• **WORK REQUIRED**: When you reach the line that contains "Apartmán A Casa Di Chiara *" in the data below, start reproducing lines exactly, and stop after the line that contains "2016 TOYOTA TACOMA TRD SPORT".

• **RECORDED DATA**:
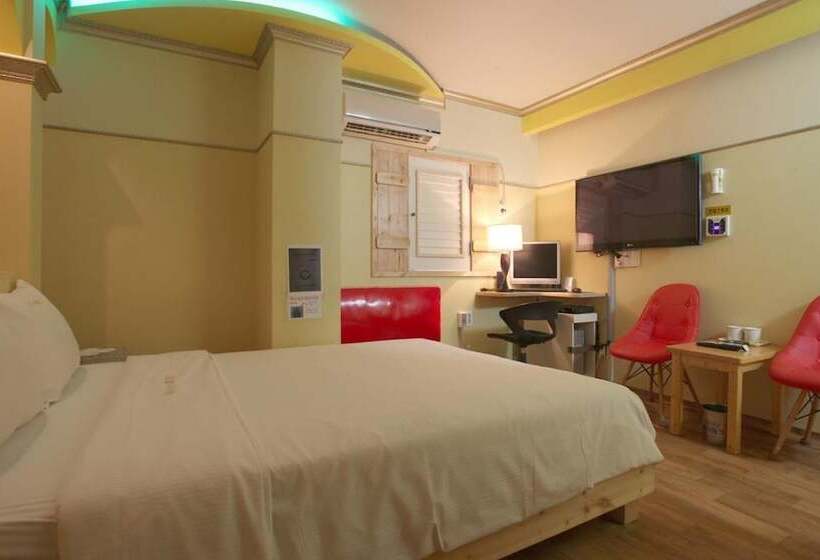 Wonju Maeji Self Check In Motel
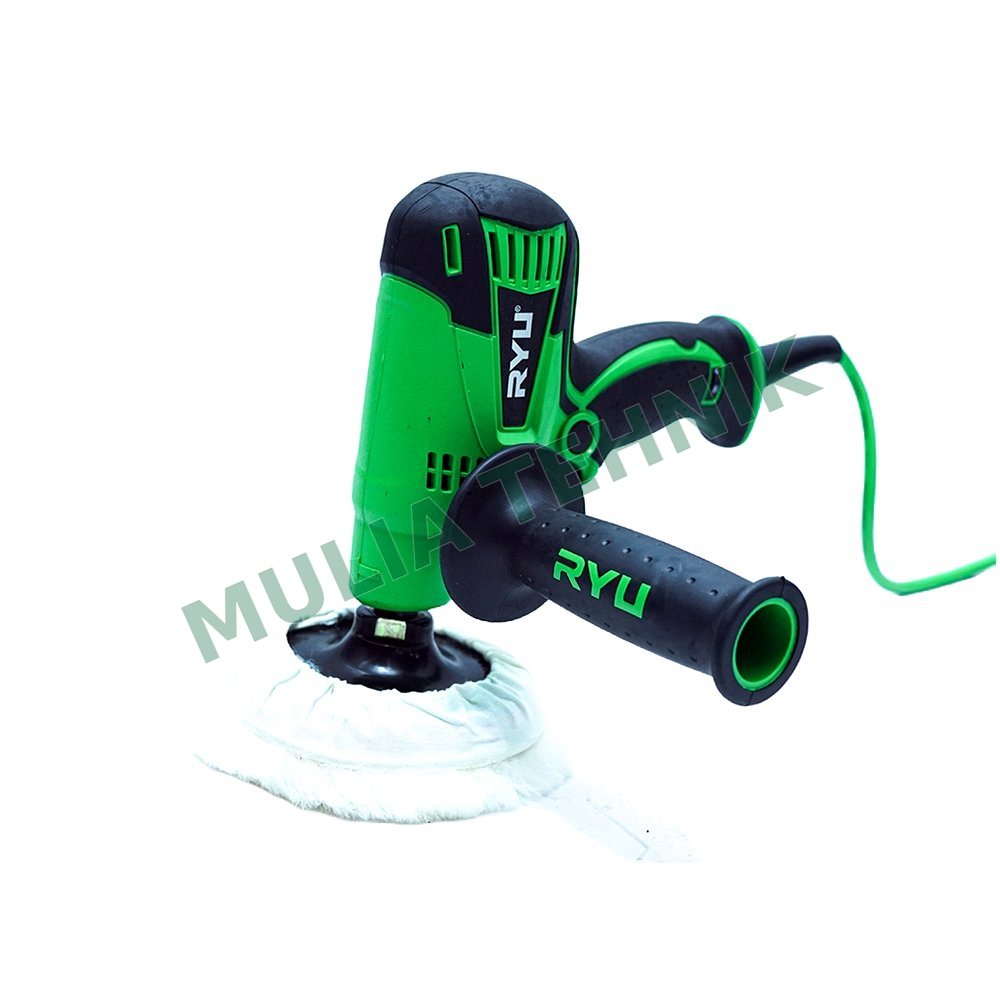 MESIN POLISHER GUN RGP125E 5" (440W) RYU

==

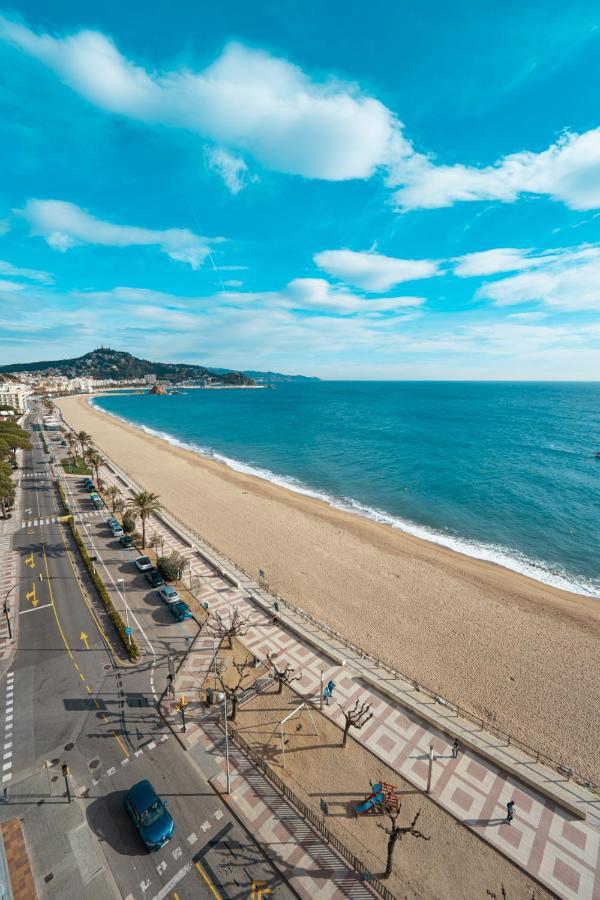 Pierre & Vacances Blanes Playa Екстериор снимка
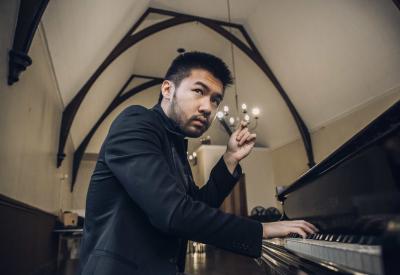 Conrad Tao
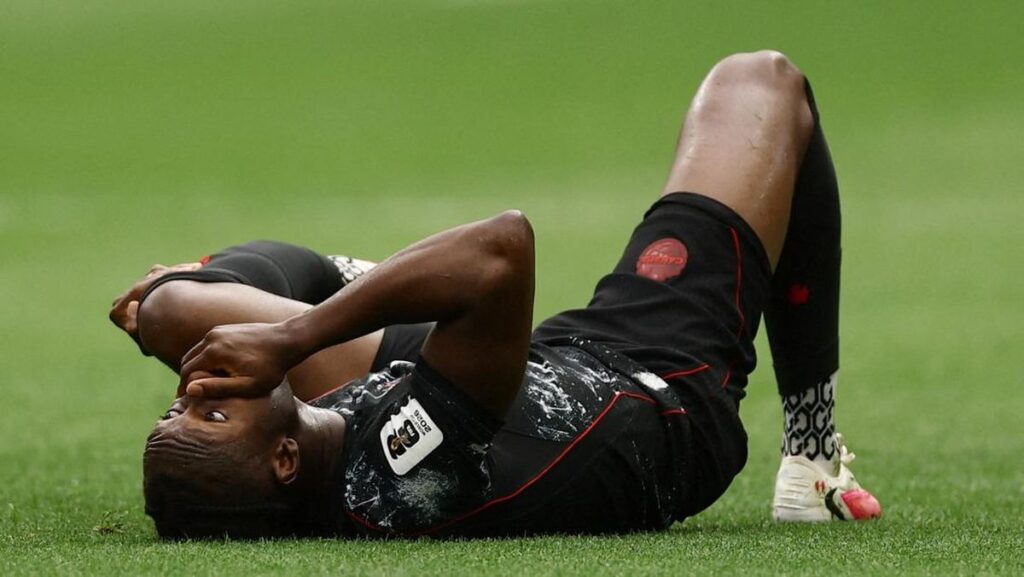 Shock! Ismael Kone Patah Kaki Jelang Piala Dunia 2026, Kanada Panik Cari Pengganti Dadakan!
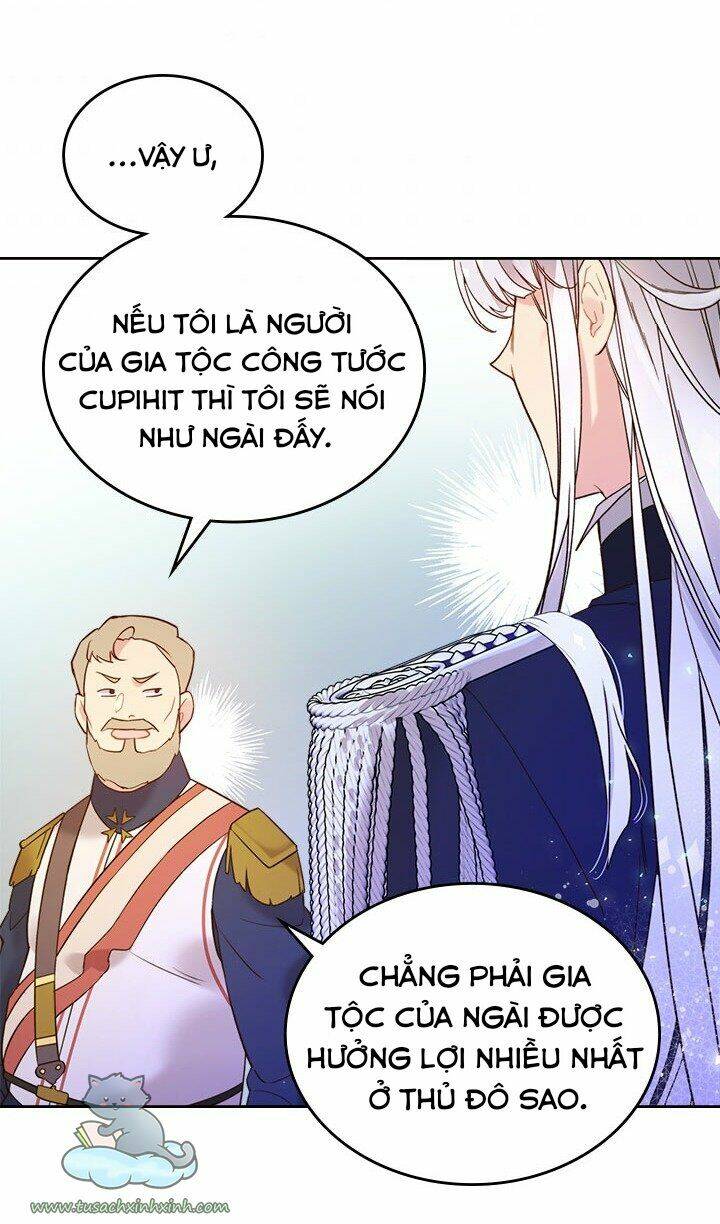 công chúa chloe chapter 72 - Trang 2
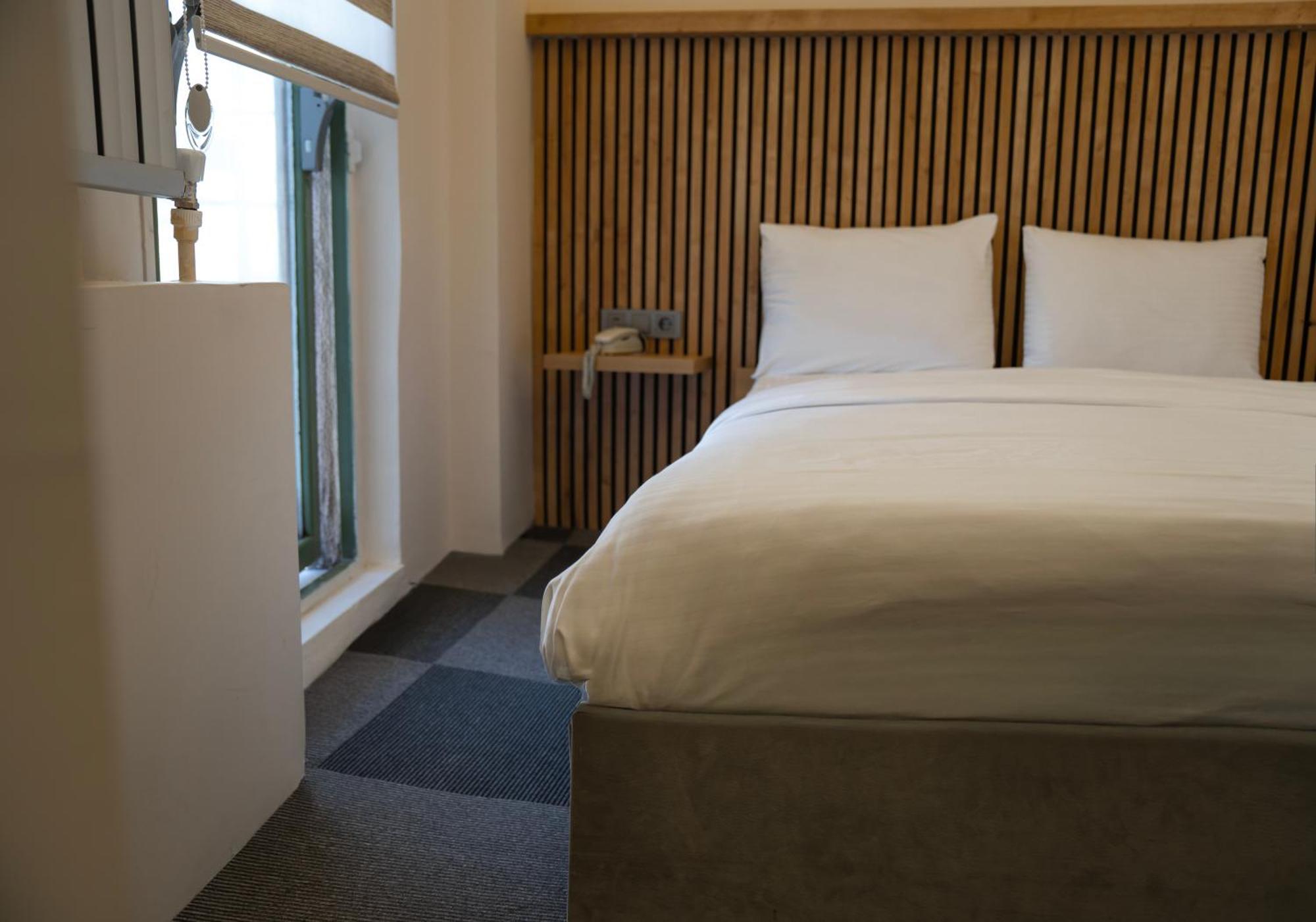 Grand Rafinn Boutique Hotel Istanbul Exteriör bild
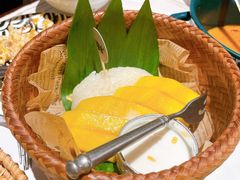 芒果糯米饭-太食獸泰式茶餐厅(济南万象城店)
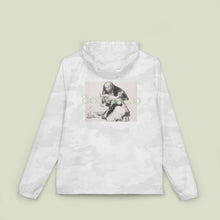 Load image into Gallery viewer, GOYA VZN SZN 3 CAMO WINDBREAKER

--

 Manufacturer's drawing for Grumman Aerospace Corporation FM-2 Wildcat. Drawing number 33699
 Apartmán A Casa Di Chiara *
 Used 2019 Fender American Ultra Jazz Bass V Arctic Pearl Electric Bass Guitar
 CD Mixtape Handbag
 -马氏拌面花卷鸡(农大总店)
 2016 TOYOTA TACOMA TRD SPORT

• **WORKED SOLUTION**:
 Apartmán A Casa Di Chiara *
 Used 2019 Fender American Ultra Jazz Bass V Arctic Pearl Electric Bass Guitar
 CD Mixtape Handbag
 -马氏拌面花卷鸡(农大总店)
 2016 TOYOTA TACOMA TRD SPORT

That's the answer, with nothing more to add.